╭─ SUPPLIED ENTRIES

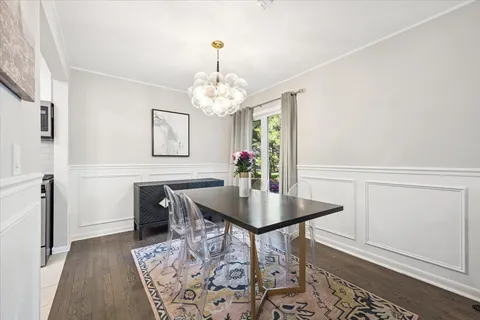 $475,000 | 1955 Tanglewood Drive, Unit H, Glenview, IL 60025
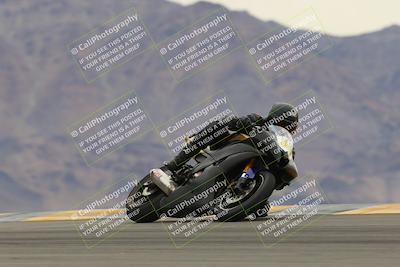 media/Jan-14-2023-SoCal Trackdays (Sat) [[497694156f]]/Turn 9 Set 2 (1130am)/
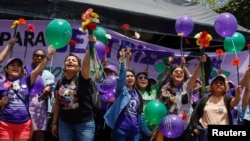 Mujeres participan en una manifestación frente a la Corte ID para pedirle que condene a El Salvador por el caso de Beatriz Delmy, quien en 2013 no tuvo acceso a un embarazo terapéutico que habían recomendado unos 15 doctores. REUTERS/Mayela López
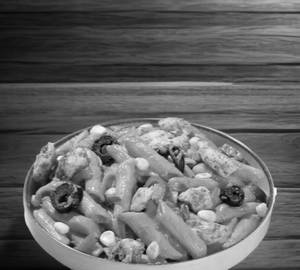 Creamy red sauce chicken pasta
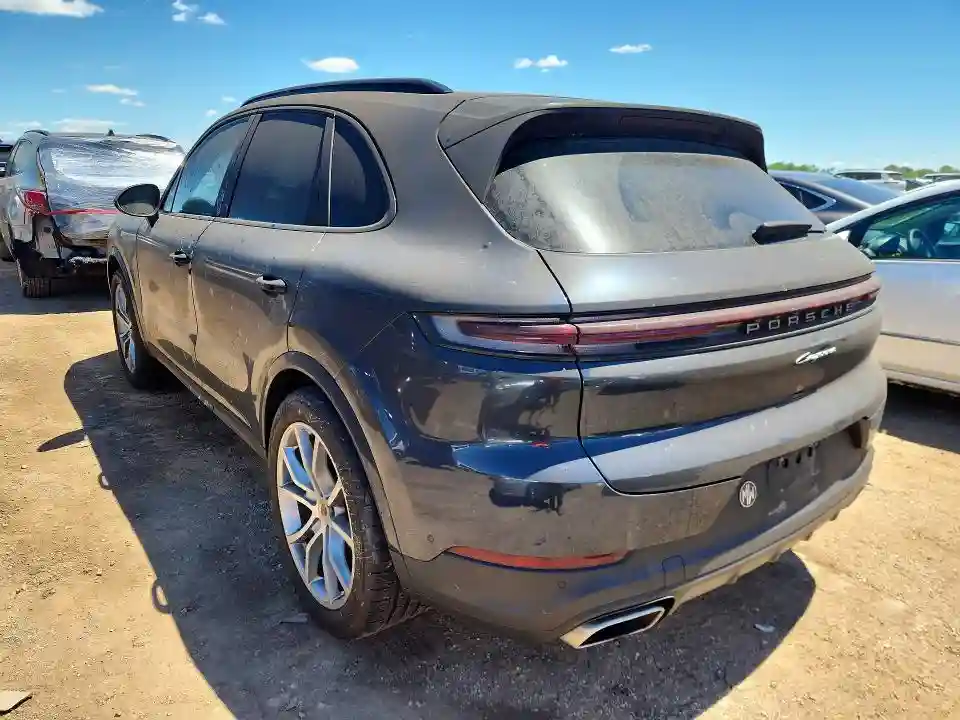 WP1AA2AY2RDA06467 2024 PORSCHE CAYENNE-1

╰─

→ **WHAT TO PRODUCE**:
"Creamy red sauce chicken pasta" marks the last line to keep. Retype every line from the start of the entries through that one, exactly, and drop the pictures.

→ **EXPECTED ANSWER**:
 $475,000 | 1955 Tanglewood Drive, Unit H, Glenview, IL 60025
 media/Jan-14-2023-SoCal Trackdays (Sat) [[497694156f]]/Turn 9 Set 2 (1130am)/
 Mujeres participan en una manifestación frente a la Corte ID para pedirle que condene a El Salvador por el caso de Beatriz Delmy, quien en 2013 no tuvo acceso a un embarazo terapéutico que habían recomendado unos 15 doctores. REUTERS/Mayela López
 Creamy red sauce chicken pasta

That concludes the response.